Institute History
Description
As talented a filmmaker as Richard Linklater, the creator of such exceptional independent features as Slacker, Before Sunrise, and subUrbia, is critically acknowledged to be, it's likely that his greatness as an artist lies before him. Waking Life is the kind of door-opening visionary work that propels you into new realms and fully establishes Linklater as one of the preeminent voices from the generation destined to reinvent the cinema. For Linklater, filmmaking has always been a multilayered universe that combines visual and ideational exploration and tests the limits of conventional drama, which shackle so many of his peers.
Especially admirable is Linklater's fearlessness; it allows him to attempt the kinds of projects that established filmmakers speak of endlessly but rarely commit to celluloid.

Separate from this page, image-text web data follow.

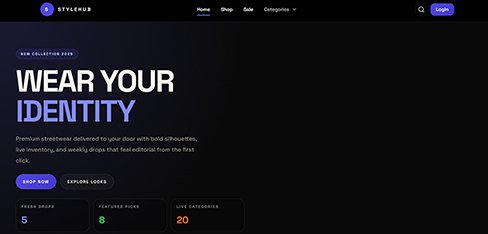 StyleHub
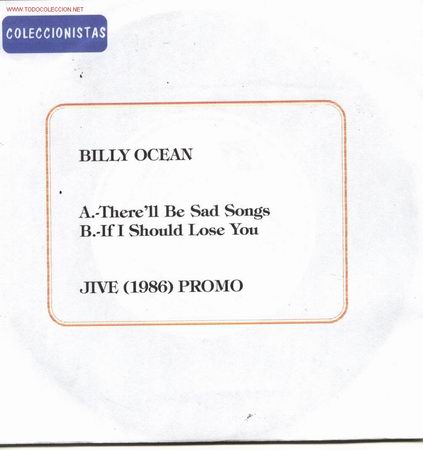 Discos de vinilo: Billy Ocean - Foto 1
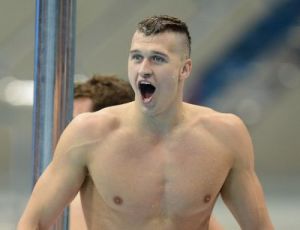 Свердловский пловец Никита Лобинцев выступит на Олимпиаде в Рио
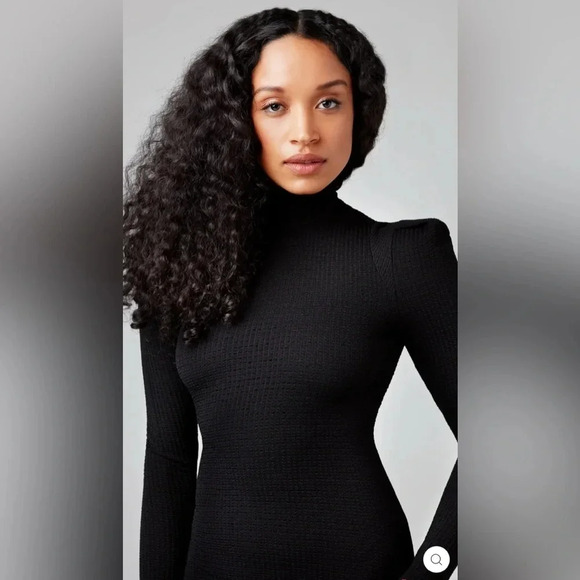 Smythe smythe BOX PLEAT KNIT DRESS - Picture 3 of 6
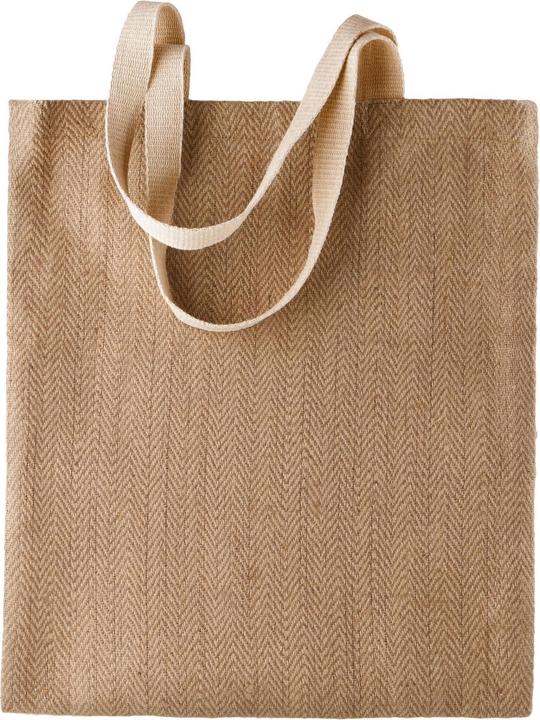 Kimood Jute Tasche (2 Stückpackung) (19.74 l)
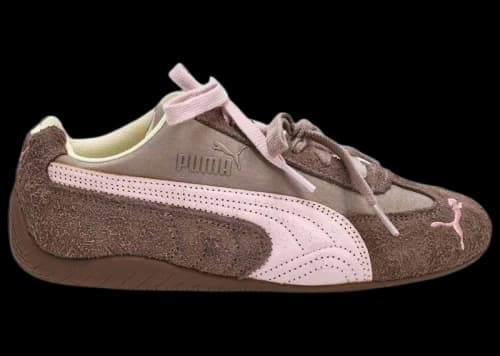 Puma Speedcat Brushed Luxe Mouse Grey Gum (Women's)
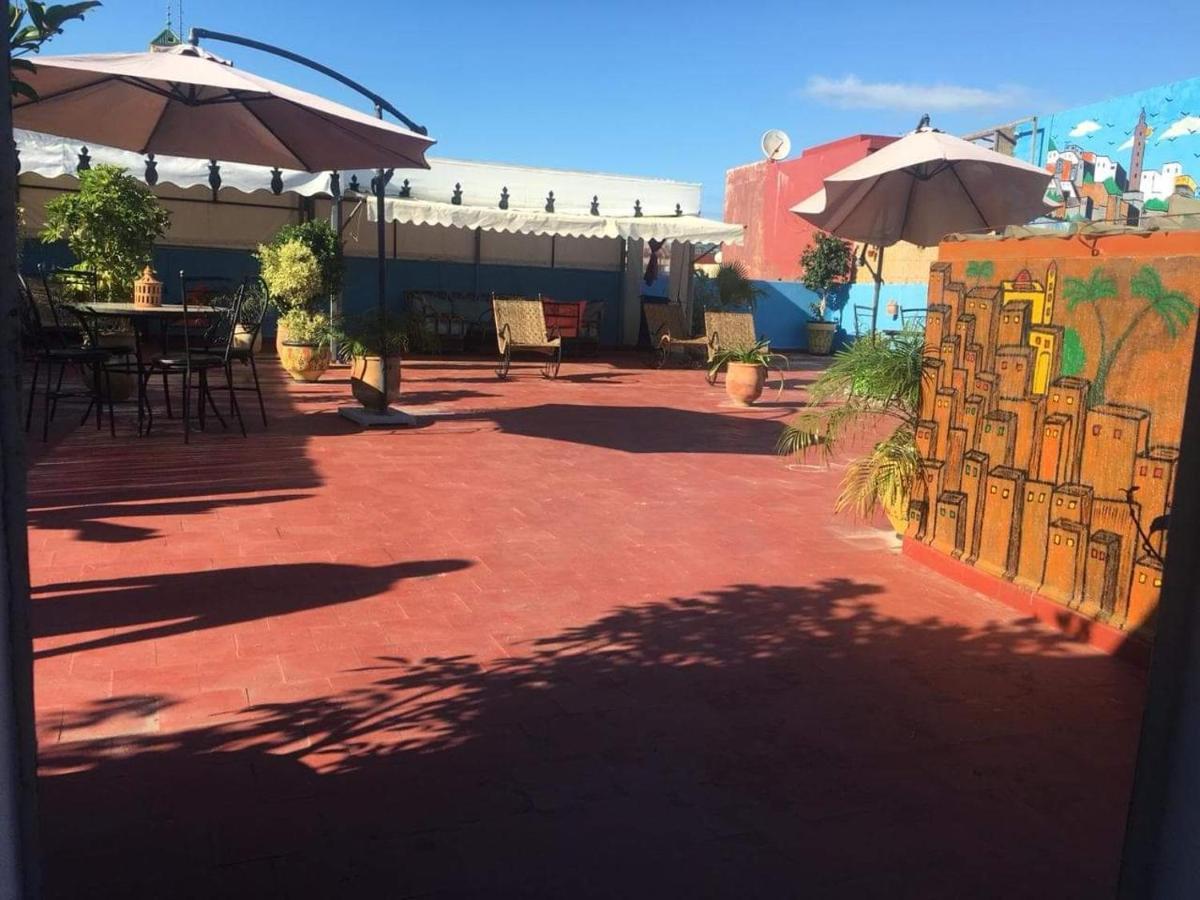 Apartamento Dar Rita Rabat Exterior foto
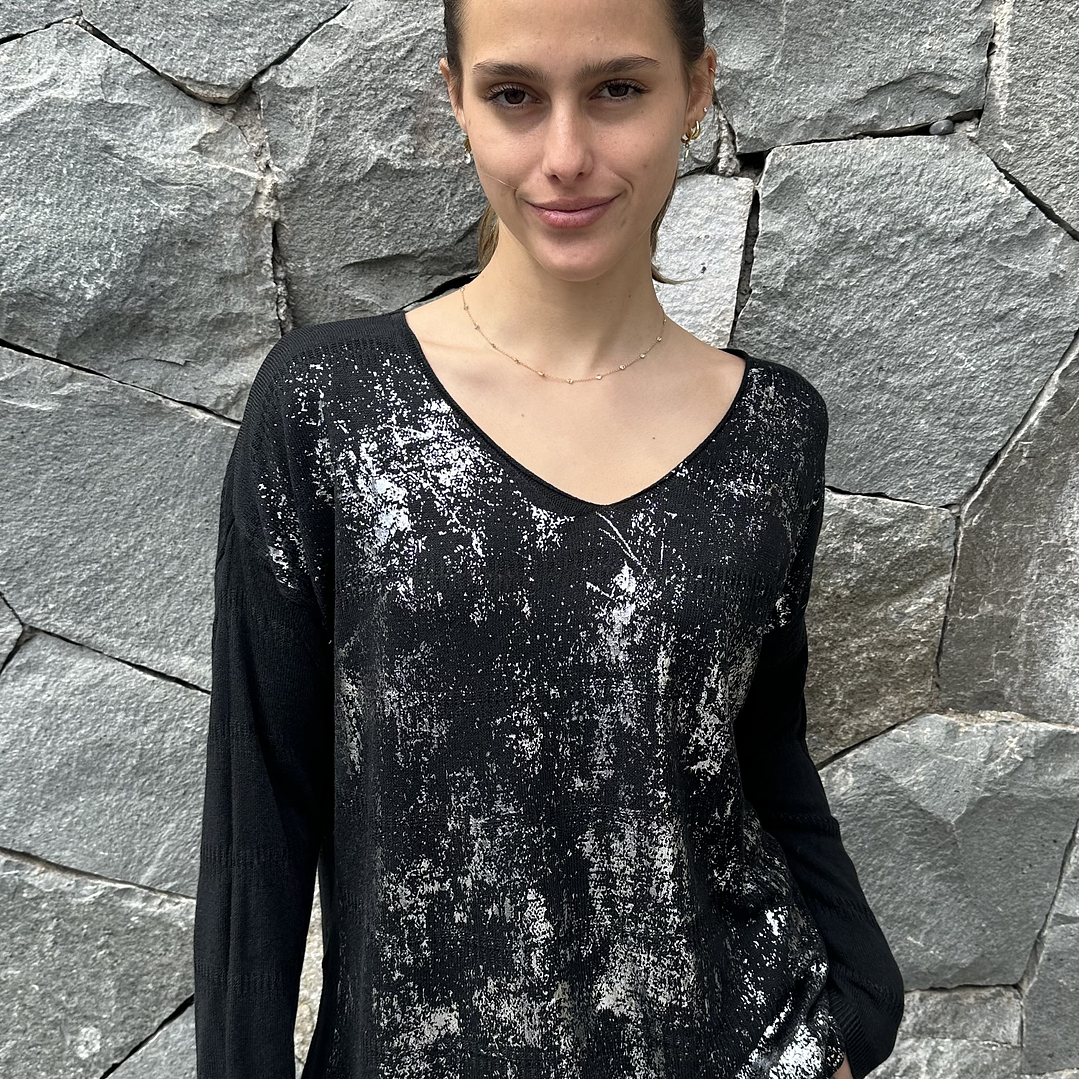 Tejido Stans Silver 11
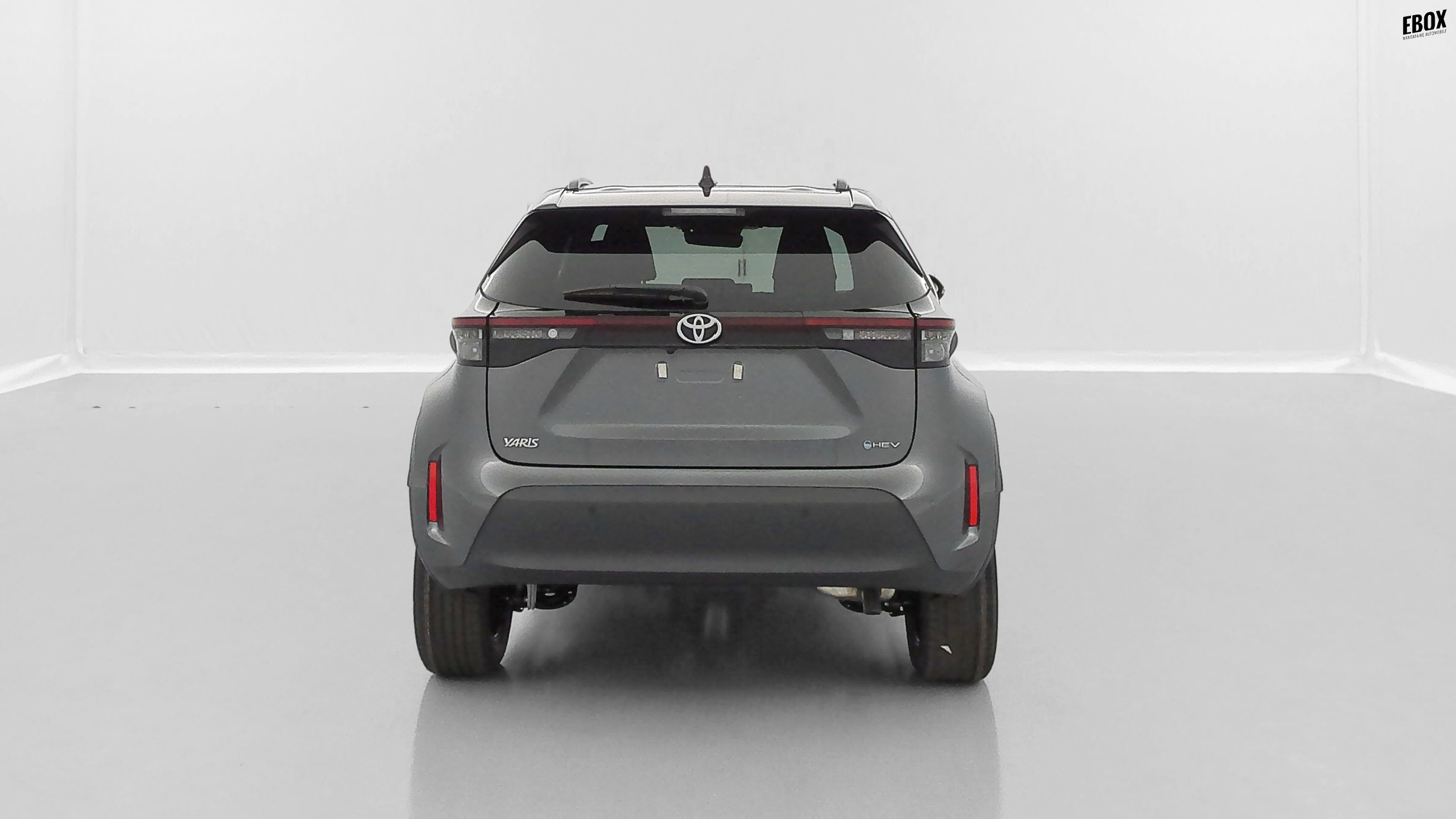 GLI00036697_p53 - TOYOTA - YARIS CROSS - 2026 - photo 24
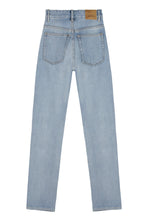 Load image into Gallery viewer, Jiliana High-rise skinny-fit jeans
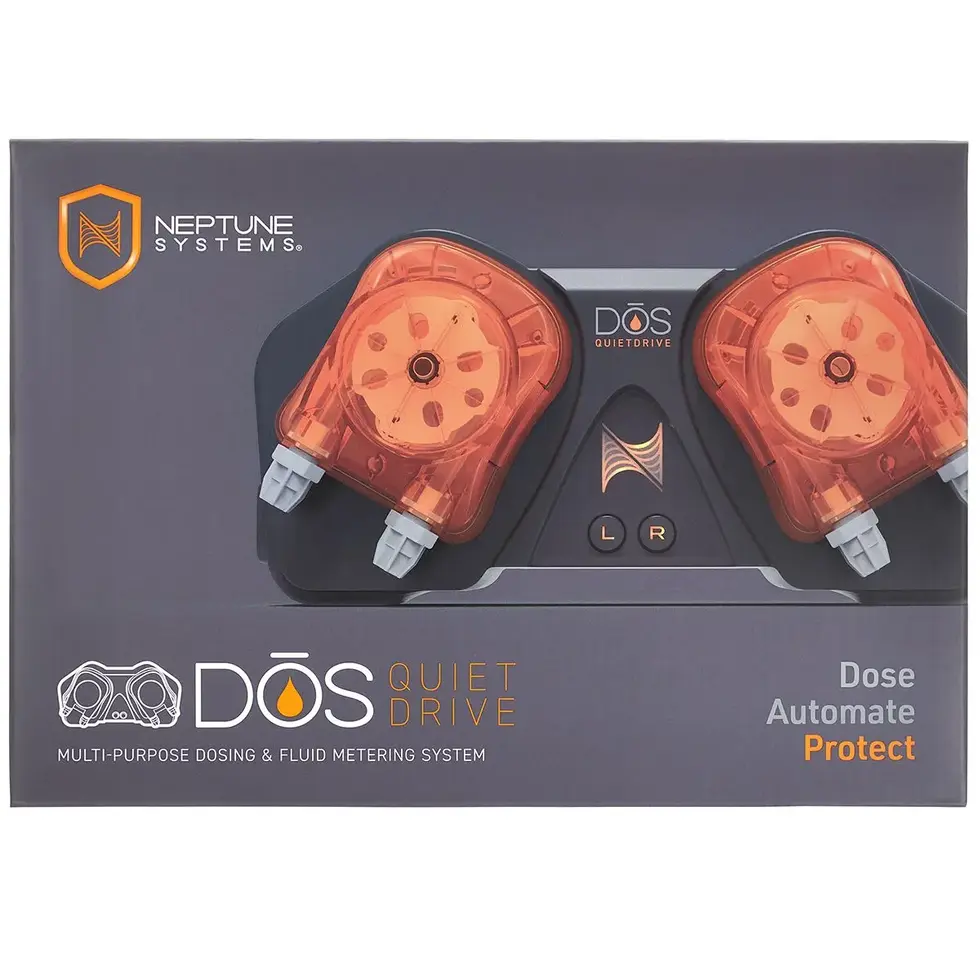 DOS QuietDrive Dosing Pump - Neptunes System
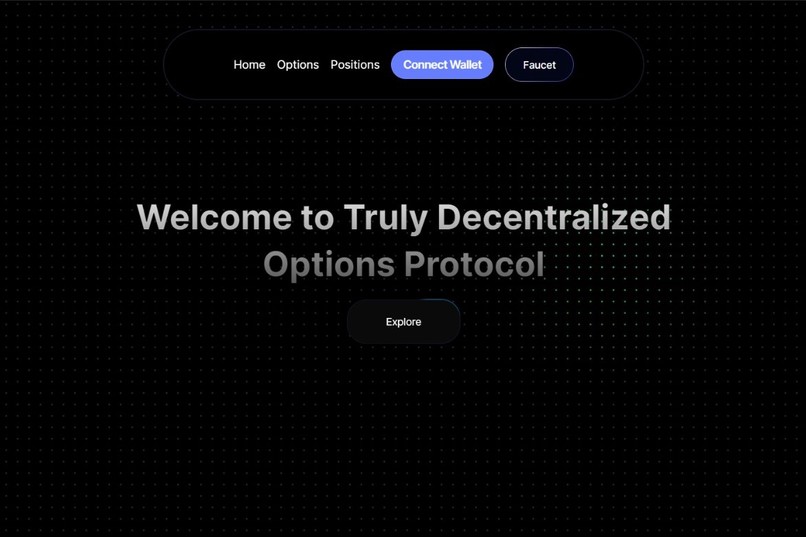 dOptions – screenshot 1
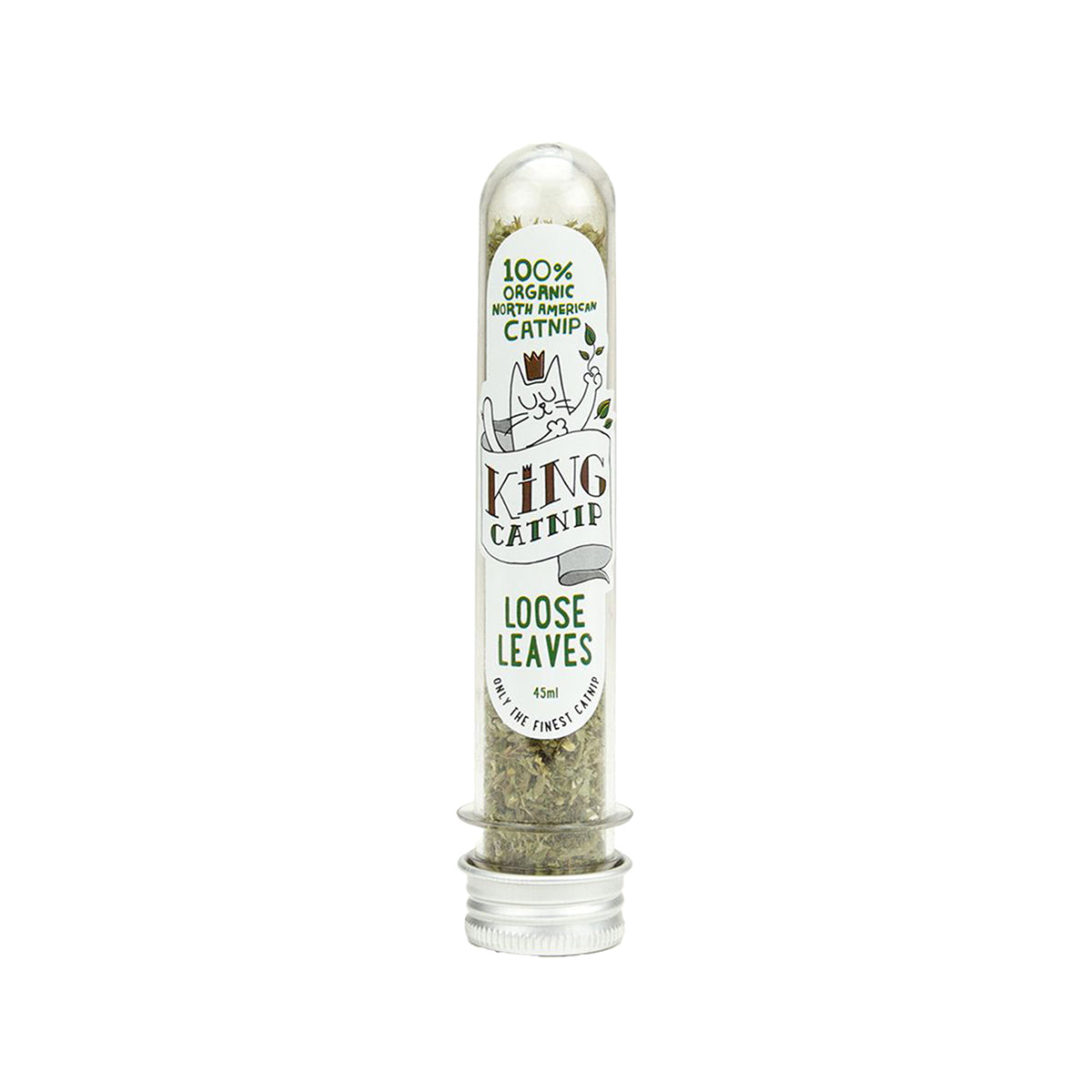 VADIGRAN KING KATZENMINZE BLÄTTER 45ML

Waking Life is not just experimentation for its own sake but groundbreaking work that interweaves dreamlike animation and free-floating dialogues on existence, dreams, life, and consciousness with an entertaining fly-on-the-wall examination of people's inner lives. The film is full of ideas and quasi-philosophical inquiries, but it is far from an academic treatise. Indeed, what makes it interesting is its absence of a definitive point of view. It is instead a whimsical and absorbing walk down diverse mental highways.
Using an innovative animation technique that digitally paints on real imagery, much like old-fashioned rotoscoping, Waking Life is storytelling without narrative, a generational quest for answers that engages and satisfies us in the same way that My Dinner with Andre did for an earlier generation.